▶ _Task objective_
Scan the records below and report how many lines include the string "Jacket"; the number alone will do.

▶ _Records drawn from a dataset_
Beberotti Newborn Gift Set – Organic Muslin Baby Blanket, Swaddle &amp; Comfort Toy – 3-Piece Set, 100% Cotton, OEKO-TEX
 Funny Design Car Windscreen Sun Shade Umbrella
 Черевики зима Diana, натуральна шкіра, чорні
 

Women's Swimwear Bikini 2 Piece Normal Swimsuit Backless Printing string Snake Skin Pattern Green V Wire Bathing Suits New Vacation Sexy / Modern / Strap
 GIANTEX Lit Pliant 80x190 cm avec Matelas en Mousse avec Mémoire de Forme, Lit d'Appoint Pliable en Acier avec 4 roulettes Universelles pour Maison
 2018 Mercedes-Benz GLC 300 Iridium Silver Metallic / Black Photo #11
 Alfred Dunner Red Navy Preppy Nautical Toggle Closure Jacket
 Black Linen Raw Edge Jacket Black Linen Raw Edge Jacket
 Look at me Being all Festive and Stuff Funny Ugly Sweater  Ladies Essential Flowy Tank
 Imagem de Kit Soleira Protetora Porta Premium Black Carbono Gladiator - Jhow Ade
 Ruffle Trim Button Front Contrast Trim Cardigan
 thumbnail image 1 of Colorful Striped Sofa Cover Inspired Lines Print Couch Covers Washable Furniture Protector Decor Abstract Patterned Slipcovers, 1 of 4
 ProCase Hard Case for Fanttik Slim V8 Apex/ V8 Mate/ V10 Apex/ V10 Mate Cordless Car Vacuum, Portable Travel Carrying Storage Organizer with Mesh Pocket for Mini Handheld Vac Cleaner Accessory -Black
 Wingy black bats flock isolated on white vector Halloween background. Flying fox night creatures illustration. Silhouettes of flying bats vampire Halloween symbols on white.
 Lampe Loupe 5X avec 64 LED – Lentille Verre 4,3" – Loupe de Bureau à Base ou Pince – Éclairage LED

▶ _Expected answer_
2